À Sıvas, le 4 septembre, il renouvelle en l’élargissant son programme, et, le 23 avril 1920, se réunit à Ankara la Grande Assemblée nationale, qui se déclare représentative de la nation et délègue son pouvoir à un Conseil des ministres dont le président est le même que le président de l’Assemblée, en l’occurrence Mustafa Kemal : une Turquie populaire et nationale est née, mais sa vie semble bien menacée. Certes, après quelques succès des troupes envoyées par la Porte, les hostilités cessent entre Ankara et Istanbul ; certes, dès le 30 mai 1920, un armistice est signé entre les occupants français et la révolution turque ; certes, les Soviétiques, en avril 1920, s’engagent à appuyer moralement et matériellement les nationalistes ; mais l’Angleterre se montre résolument hostile, fermement décidée à soutenir les prétentions grecques ; mais le traité de Sèvres a été signé par le Sultan (10 août 1920) ; mais Arméniens et Kurdes se soulèvent ; mais la Turquie est exsangue, presque sans armée, presque sans hommes... Le premier front, celui d’Orient, disparaît vite. Le général Kâzim Karabekir (1882-1948), par ses victoires, reprend les territoires arméniens cédés en 1878, et une série de traités entérinent la restitution à la Turquie des districts d’Artvin, d’Ardahan et de Kars (3 déc. 1920 - 12 oct. 1921).
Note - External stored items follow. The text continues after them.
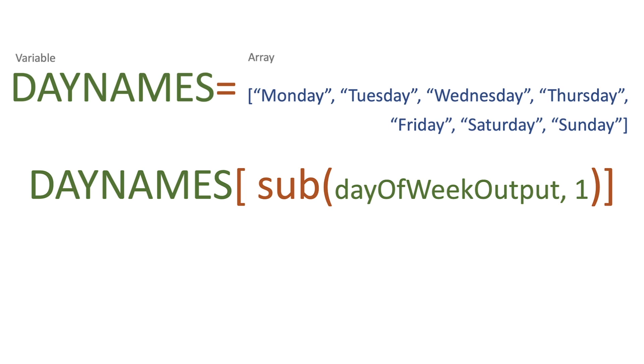So what we're going to do is we're going to pass in the day of the week output, which would be five, and we're going to subtract one, so then we get the return of four.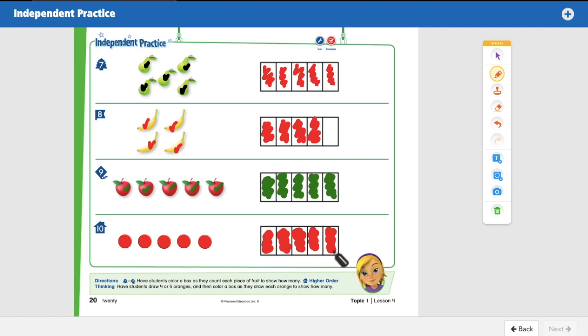Great job — we're all done and you did an awesome job counting four and five! You did so well. Have a great day. Don't forget to do your homework and turn it in. I will see you next time. Have a good one. Bye!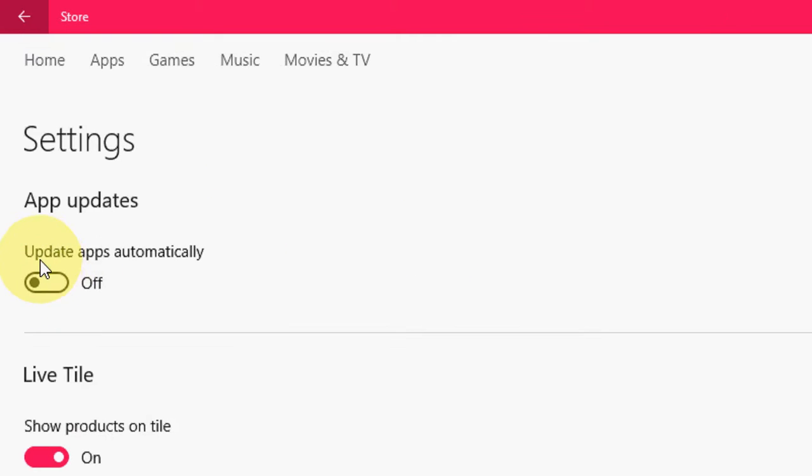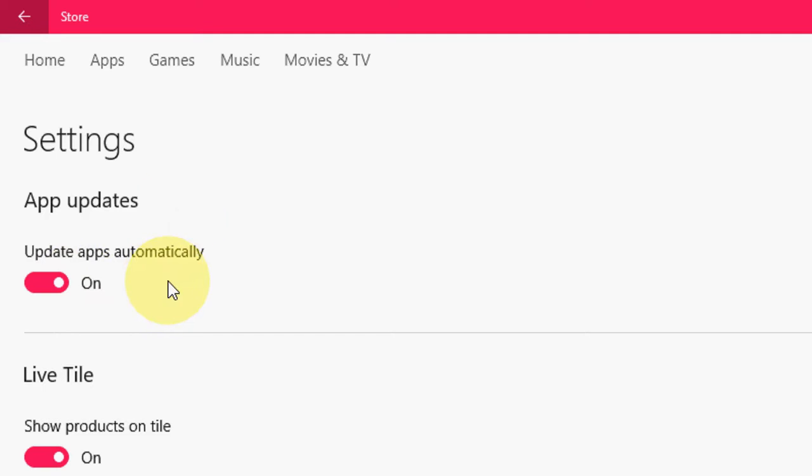And here you can see update app automatically. So you should turn on this. So turn on this first. Update app automatically.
L’affaire est plus dure contre les Grecs. Ceux-ci attaquent le 22 juin 1920, puis de nouveau en janvier, en mars, en juillet 1921. À chaque fois, ils obtiennent d’abord quelques succès, parviennent même à occuper tout l’ouest de l’Anatolie, mais à chaque fois aussi finissent par être battus : à Inönü par Ismet paşa, qui portera le nom de cette localité quand on prendra des noms de famille, à la Sakarya par Kemal, devenu généralissime. Dans le courant de l’été 1922, la situation est renversée : ce sont les Turcs qui dirigent les opérations. Ils percent les lignes grecques et entrent à Smyrne (Izmir) le 9 septembre. Un armistice est signé à Mudanya (11 oct. 1922). Une conférence de la paix doit se tenir à Lausanne. Mustafa Kemal entend que son gouvernement y soit seul représenté. Brutalement, le 1er novembre 1922, il fait voter l’abolition du sultanat : les Ottomans ne garderont plus que le pouvoir religieux du califat. Ouverte le 21 novembre 1922, la conférence de Lausanne se terminera par la paix signée le 24 juillet 1923 : elle fixe, conformément au désir des Turcs, les frontières de la Turquie (les frontières avec les pays arabes restent encore indéterminées, mais seront définies ultérieurement, en particulier en juin 1939 par la cession du sandjak d’Alexandrette [le Hatay] par la France). Le 6 octobre, les troupes turques entrent à Istanbul.